A submarine seized off the Spanish coast over the weekend, the first caught trying to smuggle narcotics into Europe, was carrying three tonnes of cocaine worth 100 million euros ($110 million), officials said Wednesday.
Police intercepted the 20-metre (65-foot) submarine on Saturday off the coast of the northwestern Galicia region.
They were only able to determine the amount of drugs inside after they managed to refloat the vessel three days later and tow it to a nearby port.
They found 152 bundles with three tonnes of cocaine, Spanish police said in a statement.
While drug traffickers, especially from Colombia, have been caught using submarines to transport cocaine into Mexico, and from there into the United States, police said “this is the first time that this system of transporting drugs has been detected in Europe.”
The drugs had a street value of 100 million euros, the central government’s representative in Galicia, Javier Losada de Azpiazu, told reporters.
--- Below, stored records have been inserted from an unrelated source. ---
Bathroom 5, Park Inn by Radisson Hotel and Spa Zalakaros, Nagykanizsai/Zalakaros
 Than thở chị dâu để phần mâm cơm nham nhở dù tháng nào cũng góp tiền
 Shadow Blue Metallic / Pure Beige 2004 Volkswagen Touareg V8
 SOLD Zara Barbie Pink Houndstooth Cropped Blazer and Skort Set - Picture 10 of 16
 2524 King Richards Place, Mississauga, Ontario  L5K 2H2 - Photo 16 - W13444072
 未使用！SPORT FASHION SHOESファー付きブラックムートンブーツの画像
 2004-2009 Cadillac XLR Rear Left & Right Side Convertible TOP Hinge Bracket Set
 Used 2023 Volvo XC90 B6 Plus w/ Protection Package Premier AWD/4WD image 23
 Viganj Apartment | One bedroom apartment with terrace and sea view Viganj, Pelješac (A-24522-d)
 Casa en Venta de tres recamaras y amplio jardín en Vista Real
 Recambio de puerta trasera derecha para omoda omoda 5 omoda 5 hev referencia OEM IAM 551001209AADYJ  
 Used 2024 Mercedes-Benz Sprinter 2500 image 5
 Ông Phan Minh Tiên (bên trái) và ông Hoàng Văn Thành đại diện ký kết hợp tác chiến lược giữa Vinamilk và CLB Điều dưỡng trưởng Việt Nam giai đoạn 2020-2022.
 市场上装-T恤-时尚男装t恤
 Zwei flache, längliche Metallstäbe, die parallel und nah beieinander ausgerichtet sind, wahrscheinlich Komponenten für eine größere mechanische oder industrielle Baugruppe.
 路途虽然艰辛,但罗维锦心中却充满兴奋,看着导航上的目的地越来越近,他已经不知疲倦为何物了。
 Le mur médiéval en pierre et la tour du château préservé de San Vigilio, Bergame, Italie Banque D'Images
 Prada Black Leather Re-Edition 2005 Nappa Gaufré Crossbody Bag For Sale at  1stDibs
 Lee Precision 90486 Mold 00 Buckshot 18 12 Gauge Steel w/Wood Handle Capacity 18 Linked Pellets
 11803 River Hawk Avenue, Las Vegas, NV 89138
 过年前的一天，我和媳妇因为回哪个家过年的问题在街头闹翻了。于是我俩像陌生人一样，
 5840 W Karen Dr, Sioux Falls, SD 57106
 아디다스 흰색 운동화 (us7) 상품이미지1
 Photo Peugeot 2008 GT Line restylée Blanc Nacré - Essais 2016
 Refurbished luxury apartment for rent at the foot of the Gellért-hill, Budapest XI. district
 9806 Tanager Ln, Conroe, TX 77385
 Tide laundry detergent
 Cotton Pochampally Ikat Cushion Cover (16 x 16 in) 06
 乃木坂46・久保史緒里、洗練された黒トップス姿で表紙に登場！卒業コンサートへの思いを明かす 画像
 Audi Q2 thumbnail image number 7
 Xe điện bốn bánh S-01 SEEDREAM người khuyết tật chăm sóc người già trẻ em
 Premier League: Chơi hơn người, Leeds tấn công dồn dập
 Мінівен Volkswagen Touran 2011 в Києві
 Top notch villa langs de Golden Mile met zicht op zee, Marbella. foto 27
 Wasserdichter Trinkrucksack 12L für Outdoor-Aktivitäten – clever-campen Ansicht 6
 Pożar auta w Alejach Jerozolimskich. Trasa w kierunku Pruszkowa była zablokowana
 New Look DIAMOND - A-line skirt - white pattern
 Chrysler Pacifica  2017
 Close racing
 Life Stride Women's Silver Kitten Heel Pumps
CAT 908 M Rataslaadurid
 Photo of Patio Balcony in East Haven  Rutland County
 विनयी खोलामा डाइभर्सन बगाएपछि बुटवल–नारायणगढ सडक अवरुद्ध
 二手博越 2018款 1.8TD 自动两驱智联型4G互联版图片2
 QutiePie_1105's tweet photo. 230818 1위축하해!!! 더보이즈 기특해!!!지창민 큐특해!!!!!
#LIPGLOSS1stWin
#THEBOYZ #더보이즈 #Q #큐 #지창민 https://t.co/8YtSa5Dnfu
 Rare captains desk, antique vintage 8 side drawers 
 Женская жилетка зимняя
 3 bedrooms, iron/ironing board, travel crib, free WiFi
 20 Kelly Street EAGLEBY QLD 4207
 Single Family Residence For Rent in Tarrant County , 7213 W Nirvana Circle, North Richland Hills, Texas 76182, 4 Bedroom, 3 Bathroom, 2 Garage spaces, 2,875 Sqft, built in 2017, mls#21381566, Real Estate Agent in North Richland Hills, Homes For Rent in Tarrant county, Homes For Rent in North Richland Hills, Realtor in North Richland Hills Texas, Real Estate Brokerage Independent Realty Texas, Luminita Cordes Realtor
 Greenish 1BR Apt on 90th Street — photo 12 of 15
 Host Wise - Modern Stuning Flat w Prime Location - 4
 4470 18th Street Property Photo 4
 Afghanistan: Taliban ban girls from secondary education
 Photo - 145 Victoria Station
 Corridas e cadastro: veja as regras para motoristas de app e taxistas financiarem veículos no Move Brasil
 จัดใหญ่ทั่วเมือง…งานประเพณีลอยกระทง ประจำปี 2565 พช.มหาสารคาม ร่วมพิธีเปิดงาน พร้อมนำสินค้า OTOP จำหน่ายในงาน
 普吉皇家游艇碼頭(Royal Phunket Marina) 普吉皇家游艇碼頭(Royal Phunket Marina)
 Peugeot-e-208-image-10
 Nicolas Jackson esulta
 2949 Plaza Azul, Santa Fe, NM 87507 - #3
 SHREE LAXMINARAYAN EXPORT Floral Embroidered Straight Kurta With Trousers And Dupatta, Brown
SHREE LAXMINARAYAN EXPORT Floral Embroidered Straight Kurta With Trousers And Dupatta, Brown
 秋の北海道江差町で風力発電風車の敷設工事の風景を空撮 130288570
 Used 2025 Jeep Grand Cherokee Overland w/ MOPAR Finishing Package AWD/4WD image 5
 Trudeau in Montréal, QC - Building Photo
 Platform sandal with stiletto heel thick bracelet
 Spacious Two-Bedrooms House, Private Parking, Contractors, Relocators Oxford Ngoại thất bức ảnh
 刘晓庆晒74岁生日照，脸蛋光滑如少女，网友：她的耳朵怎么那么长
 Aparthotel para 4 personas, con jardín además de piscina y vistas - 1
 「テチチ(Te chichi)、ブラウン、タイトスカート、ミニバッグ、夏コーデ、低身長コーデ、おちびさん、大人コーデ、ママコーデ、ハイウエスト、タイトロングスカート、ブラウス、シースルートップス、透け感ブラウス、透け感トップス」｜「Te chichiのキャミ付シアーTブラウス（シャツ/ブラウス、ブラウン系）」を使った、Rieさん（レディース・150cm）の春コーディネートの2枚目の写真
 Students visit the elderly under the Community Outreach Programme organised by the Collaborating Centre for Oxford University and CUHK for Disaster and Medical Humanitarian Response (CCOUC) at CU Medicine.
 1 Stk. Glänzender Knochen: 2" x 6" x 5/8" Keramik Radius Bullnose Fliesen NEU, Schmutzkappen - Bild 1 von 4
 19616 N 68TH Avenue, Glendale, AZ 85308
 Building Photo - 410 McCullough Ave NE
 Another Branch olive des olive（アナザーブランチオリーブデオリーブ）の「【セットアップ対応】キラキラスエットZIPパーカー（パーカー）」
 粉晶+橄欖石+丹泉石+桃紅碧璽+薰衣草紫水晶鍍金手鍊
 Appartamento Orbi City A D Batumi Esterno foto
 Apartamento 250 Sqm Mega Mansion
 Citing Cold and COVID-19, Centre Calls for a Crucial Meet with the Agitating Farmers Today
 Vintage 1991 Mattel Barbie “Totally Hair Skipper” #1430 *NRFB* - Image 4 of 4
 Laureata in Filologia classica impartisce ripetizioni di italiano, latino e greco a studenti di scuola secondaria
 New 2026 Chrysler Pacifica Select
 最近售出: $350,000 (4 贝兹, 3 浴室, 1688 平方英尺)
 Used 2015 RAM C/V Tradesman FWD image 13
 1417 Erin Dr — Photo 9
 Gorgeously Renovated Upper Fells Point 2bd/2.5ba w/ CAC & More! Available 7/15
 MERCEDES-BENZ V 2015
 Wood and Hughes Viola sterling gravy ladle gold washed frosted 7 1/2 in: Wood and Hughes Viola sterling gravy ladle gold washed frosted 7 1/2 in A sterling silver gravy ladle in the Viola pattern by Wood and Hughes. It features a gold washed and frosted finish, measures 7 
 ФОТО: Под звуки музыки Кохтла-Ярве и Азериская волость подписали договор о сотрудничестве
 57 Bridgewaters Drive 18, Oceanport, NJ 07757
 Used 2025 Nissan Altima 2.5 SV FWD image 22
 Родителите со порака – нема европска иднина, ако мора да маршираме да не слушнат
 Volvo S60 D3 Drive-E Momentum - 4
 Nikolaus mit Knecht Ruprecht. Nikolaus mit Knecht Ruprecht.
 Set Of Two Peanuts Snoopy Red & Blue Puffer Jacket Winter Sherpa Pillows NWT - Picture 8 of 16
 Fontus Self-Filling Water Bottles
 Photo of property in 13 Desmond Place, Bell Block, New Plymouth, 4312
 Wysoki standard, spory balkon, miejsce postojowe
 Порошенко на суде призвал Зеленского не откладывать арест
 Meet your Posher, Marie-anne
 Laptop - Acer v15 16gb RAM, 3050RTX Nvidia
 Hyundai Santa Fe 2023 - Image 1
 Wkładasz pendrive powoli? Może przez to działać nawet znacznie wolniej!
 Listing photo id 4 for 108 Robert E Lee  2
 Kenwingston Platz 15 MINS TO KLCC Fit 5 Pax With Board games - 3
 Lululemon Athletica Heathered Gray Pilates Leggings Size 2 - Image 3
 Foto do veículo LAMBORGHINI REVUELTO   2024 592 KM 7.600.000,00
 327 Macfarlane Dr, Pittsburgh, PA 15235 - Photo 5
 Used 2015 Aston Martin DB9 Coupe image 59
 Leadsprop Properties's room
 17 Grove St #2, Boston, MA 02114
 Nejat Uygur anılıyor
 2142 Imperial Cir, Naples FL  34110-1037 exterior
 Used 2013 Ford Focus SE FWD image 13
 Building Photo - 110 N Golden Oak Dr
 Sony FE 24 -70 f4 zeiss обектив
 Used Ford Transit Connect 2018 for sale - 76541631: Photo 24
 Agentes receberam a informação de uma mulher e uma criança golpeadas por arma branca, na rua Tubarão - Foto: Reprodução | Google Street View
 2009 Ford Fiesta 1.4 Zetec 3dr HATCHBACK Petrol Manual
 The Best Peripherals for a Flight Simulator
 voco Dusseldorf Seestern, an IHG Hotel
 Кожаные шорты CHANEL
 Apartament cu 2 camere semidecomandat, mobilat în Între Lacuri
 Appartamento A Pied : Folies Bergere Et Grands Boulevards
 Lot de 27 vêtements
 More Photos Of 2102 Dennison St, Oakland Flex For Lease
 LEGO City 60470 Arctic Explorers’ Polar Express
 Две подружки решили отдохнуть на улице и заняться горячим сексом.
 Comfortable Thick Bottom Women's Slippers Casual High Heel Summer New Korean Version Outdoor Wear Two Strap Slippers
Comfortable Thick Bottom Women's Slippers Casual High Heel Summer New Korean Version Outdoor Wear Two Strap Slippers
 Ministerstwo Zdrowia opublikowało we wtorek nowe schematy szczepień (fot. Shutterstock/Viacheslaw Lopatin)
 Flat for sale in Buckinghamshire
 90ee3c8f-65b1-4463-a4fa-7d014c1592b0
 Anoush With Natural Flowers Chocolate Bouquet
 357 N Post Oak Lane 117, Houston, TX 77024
“This is a historic operation, which will mark a before and after,” he said.
A source close to the investigation had previously told AFP that the submarine came from South America but Losada de Azpiazu said police were still working to determine its exact origin.
A total of 240 agents took part in the operation, which was carried out in cooperation with police from Brazil, Portugal and the United States, he added.
Two Ecuadorian nationals were detained as they tried to escape from the submarine when police moved in. A third person is still on the run.
A thousand narco-subs
Spanish authorities said the hand-made submarine had the capacity to transport up to five tonnes of cocaine.
Drug gangs began making frequent use of submarines to smuggle narcotics in 2005, said Robert J. Bunker, a professor at the U.S. Army War College in Pennsylvania who has studied drug cartels.
The vessels are usually built in remote river inlets in the jungles of Colombia, Ecuador and Guyana for around a million dollars “but can run into a few million dollars for larger or more sophisticated vessels,” he told AFP.
“The best candidates to man such submarines would be fishermen with the ability to navigate in the open sea and be able to fix the onboard engines and other vessel systems if they should break down,” he added.
Bunker estimates that drug cartels have to date built around a thousand so-called “narco submarines”.
Most are only semi-submersible — a ship partially submerged that cannot fully dive like a submarine.
Galicia, one of Spain’s poorest regions, is a top entry point for cocaine into Europe. A maze of coves, caves and inlets dot its rugged coastline, making it a smuggler’s paradise.
Spain accounted for the second-highest proportion of cocaine seizures in the European Union last year after Belgium, with 41 tonnes apprehended.